Looking for the Good War suggests that she is fearless as well. Sprawling and discursive—as a writer, Samet adheres to the no-notecard-left-behind school of literary studies—her book takes up the delicate subject of World War II revisionism. Samet aligns herself with the controversial view that the “Good War” may have been less than altogether good.
Reexamining and revising the past is a continuous and necessary exercise. At West Point, it’s a safe bet that Lee Gate, Lee Barracks, Lee Hall, Lee Road, and the Robert E. Lee Mathematics Prize, all honoring a certain Confederate general once deemed a role model for graduating cadets, will soon bear different names.
When it comes to World War II, however, revisionism tends to be an especially touchy subject. Early practitioners charged an ostensibly duplicitous President Franklin D. Roosevelt with conspiring to maneuver the United States into an avoidable war. Some subsequent revisionists trafficked in Holocaust denial. More recently, with the achievements of the “Greatest Generation” celebrated in bestselling books and blockbuster movies, merely to suggest that considerations other than God, mother, and apple pie influenced the war’s conduct seems very unpatriotic, if not altogether indecent.
Samet dismisses as fraudulent the feel-good interpretation of the war to which most present-day Americans subscribe. “The so-called greatness of the Greatest Generation is a fiction,” she writes, “a sentimental fiction, suffused with nostalgia and with the need to return to some finest hour.” Her self-assigned task is to poke holes in the “selective memory”—more precisely, the invented memory—that props up the mythic narrative of the “Good War.” She is hardly the first to do so, of course. Indeed, her account cites writers ranging from war correspondent Ernie Pyle and novelist Joseph Heller to scholars such as Paul Fussell, all of whom have previously exposed aspects of the war’s underbelly, albeit with only limited effect.

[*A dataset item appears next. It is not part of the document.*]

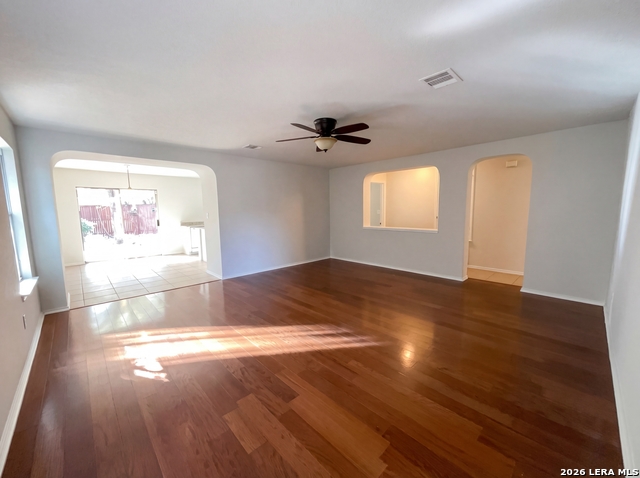 Image 3 of 16 For 7223 Avator Bay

Emphasizing popular fiction and film noir (while leavening the text with a healthy dose of Shakespeare), her own contribution to this ongoing enterprise highlights “the dangerous and seemingly indestructible fantasy” that the next American war, wherever and whenever it occurs, will replicate the “good” one of 1941–1945 and produce suitably redemptive results. Yet in reality, she notes, that war served as a “prologue to three-quarters of a century of misbegotten ones,” including those that her former students have fought in Afghanistan and Iraq. These conflicts she characterizes as “interminable and inconvenient,” not to mention “embarrassing”—about as different from the remembered version of World War II as they can be.